▶ _EXERCISE REQUIREMENTS_:
The expected result is an exact copy of the lines from the one holding "赛欧31.3L 手动 舒适版(天窗)副驾驶位区域" to the last line of the material, with pictures removed and nothing added.

▶ _THE DATA_:
▽

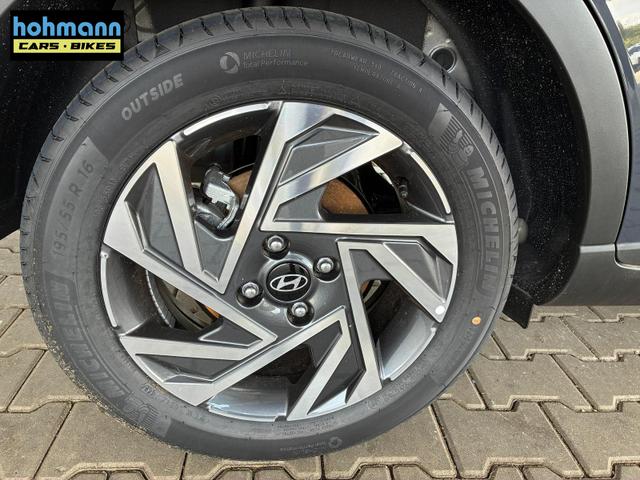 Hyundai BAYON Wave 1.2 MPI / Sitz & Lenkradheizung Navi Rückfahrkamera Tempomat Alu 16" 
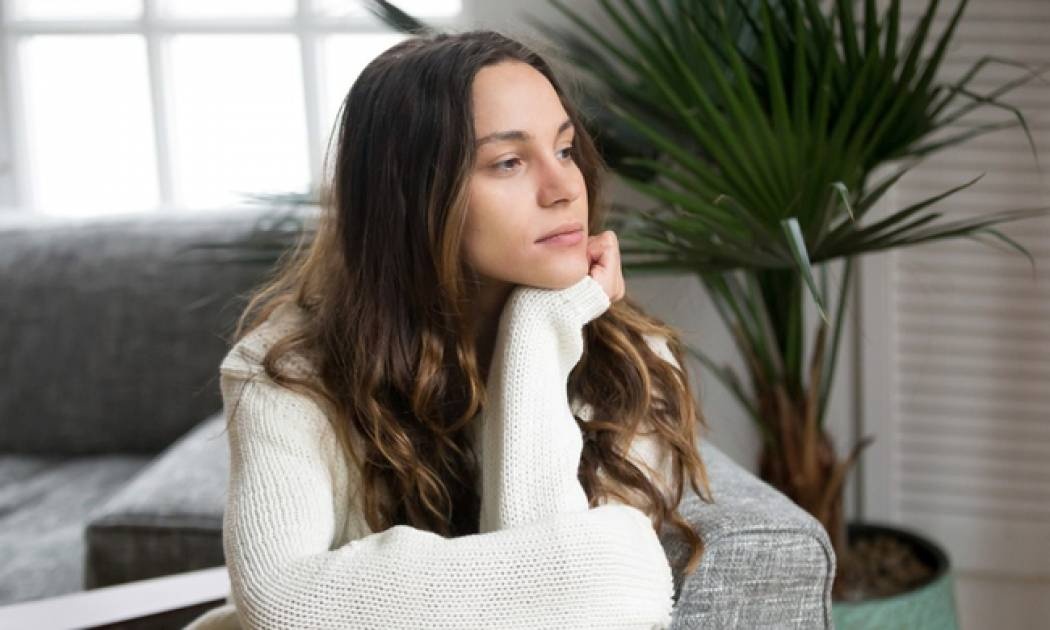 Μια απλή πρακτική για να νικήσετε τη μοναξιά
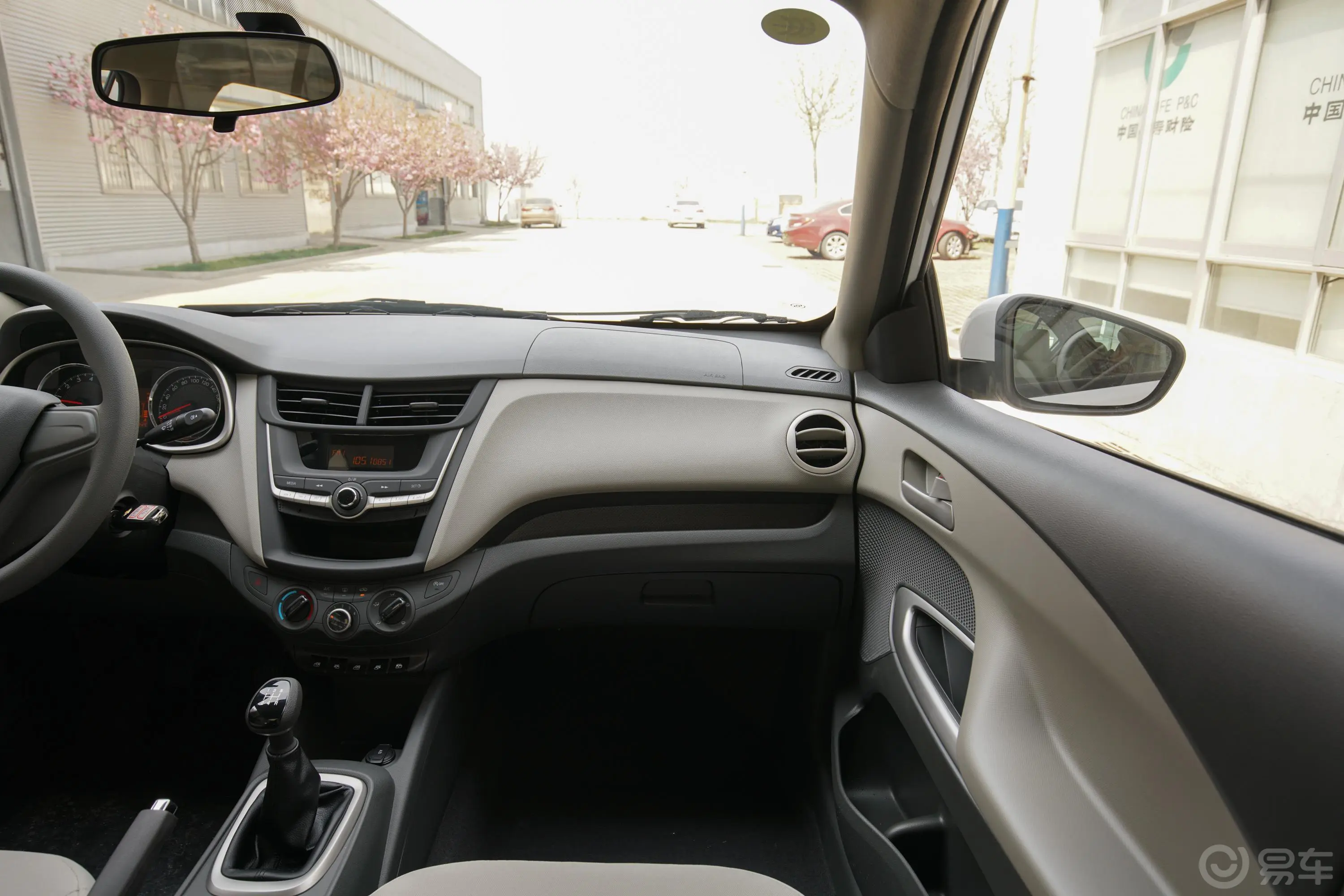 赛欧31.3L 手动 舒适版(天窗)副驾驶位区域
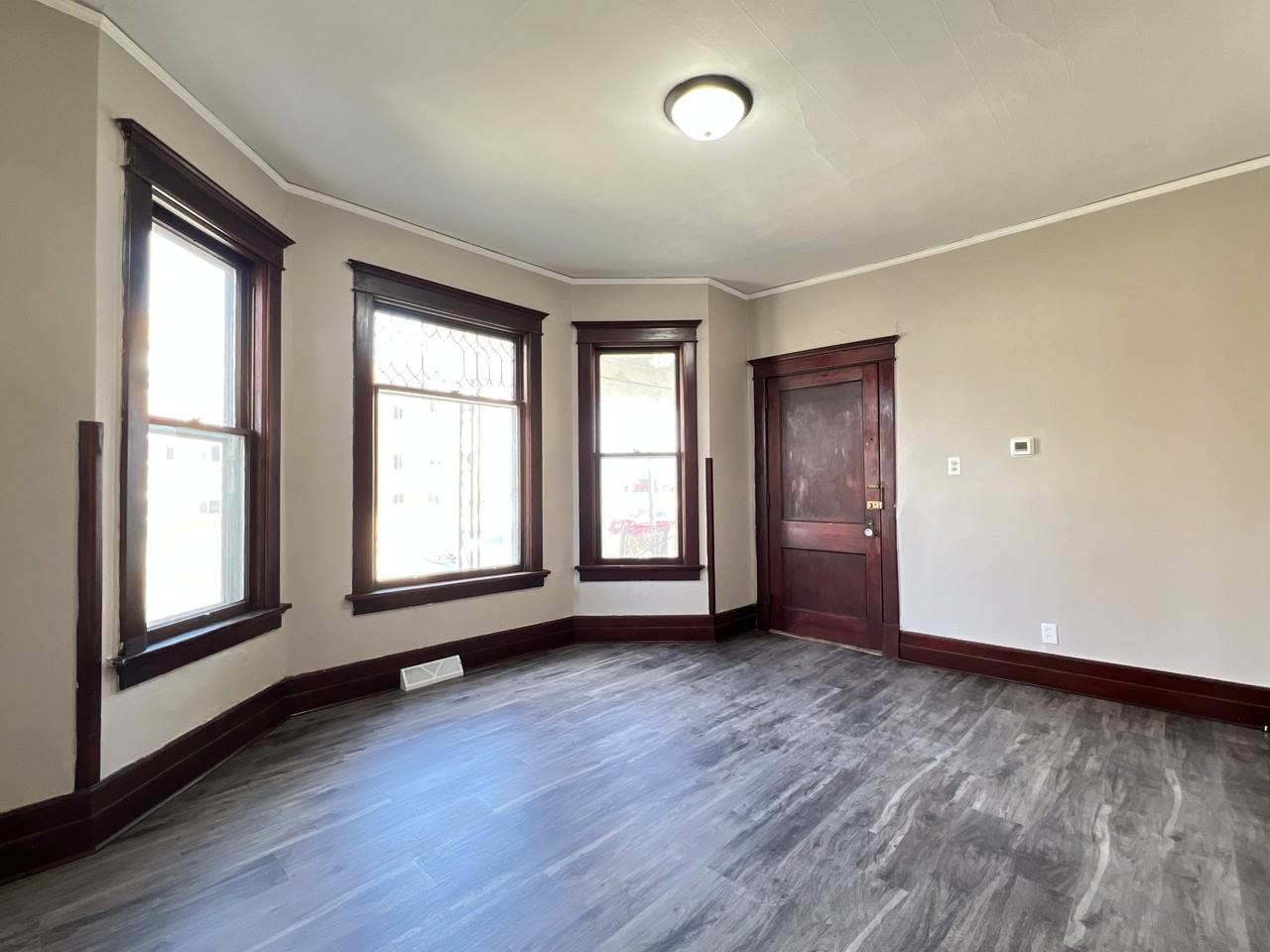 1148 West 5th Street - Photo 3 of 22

△

▶ _EXERCISE OUTPUT_:
 赛欧31.3L 手动 舒适版(天窗)副驾驶位区域
 1148 West 5th Street - Photo 3 of 22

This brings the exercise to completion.